My friend came up with this idea. I think it will help many people. The idea
is that one put in how much they want to spend and how much time they have.
The site will show various travel or activity options that are possible. One
can further limit by parameters such as road trip only, out of state
destinations, in town activities, etc. Almost like travel agents.

I have been looking for something similar but haven't found it. My friend is a
great traveller and he and his wife have run out of places to visit. They just
want to explore new places.

On other hand, my wife & I are not so great travellers, we never know where to
go. We end up picking top destinations from TripAdvisor, then we find those a
bit too expensive or require too much travel time, etc. Sometimes we just want
to get out of town and not worry about where we are going.
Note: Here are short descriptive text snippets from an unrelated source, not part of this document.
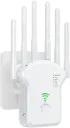 Répéteur WiFi AC1200 Double Bande – Amplificateur de Signal Haute Vitesse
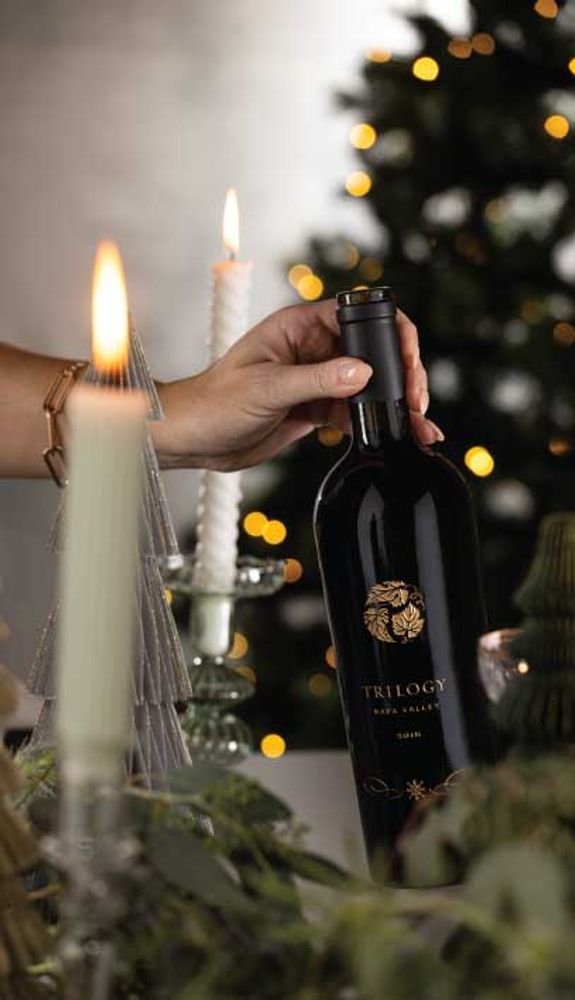 Trilogy Three Bottle Gift Set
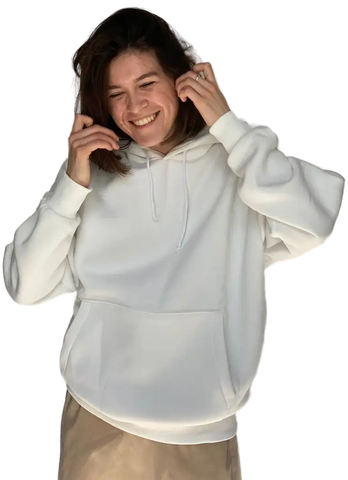 Худі Oversize Old School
For now, I have solved this problem for us by creating a spreadsheet, with a
list of places we had picked and estimate cost, best travel time, and ideal #
of days to spend there. But of course, this is for places we researched and
could not afford at the time.

------
xorcist
This article rings very true, but on the other hand I've thoguht the same
thing about a dozen other things that seemed dead until someone came along and
did what seemed impossible.

When Myspace was neglected and Livejournal stagnant, a lot of small actors
tried to fill the void but there was absolutely no money to be made and I
predited them all dead within two years. I was _almost_ completely right.

------
joyeuse6701
Figure I'd add my own two cents to building software for this: School project
with a few buddies, decided to make an itinerary planner. Problem was that it
was messy and difficult to plan a trip with 3+ people. Emailing back and forth
gave you long chains, calls and group chats were difficult to schedule
together and settle on something. Ultimately a Google spreadsheet or shared
doc was the best option despite limitations. Enter the itinerary planner: Post
possible destinations, majority vote by a certain time to include or exclude
in plan. It was to act as a central place to plan pre-trip, view during trip,
and post after trip(web app or native app).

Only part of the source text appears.